Its a credit to you Zollis.
I can see a ton of work in that project.

The sides did you get them off a roll, it is 1 piece to the water line by the look.
Did you put a compound on them to stop them tin canning.

Jim
 
Randy , thank you for the compliment, although there is always room for improvement.

Jim, yes a ton of work. If I worked in fast food selling burgers each hour I have spend on the project I could have bought a boat/car brand new. What would I have learned then ?? Now I have the satisfaction to know this is the ONLY one in the world, like this.
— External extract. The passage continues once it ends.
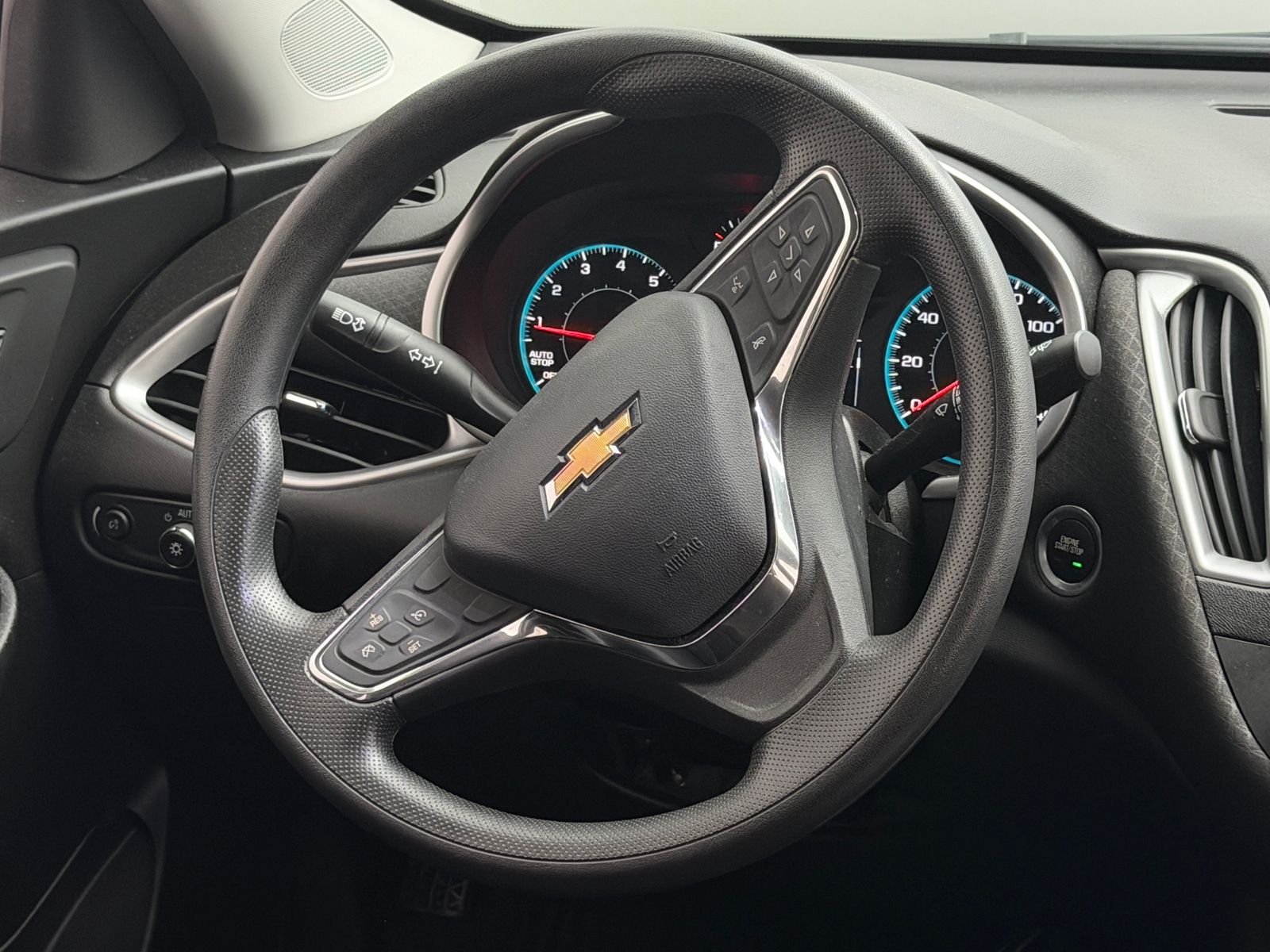 Thumbnail: 2020 Chevrolet Malibu - 5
Only the rear transom (2nd pic post 23) was put thru a roller before fitting up. Yes tin canning is the one to watch out for. Before construction started when I had the wire frame work (post #4) I investigated the phenomena. I used 0.016 " ali sheets cut to shape and curved around the wire. I adjusted the overall shape of the boat to prevent tin canning. All plates has curvature in them. From a distance ( pic 3 post#23) the sheets may look flat but as you can see on today's pics there is curvature.



THE FLOOR.

Under the floor there are angled supports. To get the correct height of the rear support located at the outer edge took some thinking. I took a long straight edge ( pic 2) to pick-up the front and middle support heights. Easy once figured out.

I wanted the floor to be as close to the sides as possible. I took cardboard pieces and plenty of tape to establish the shape. This template was then traced onto the floor material which is a composite consisting of polyethylene with ali outer skins. 4 mm thick. The caravan industry uses these a lot.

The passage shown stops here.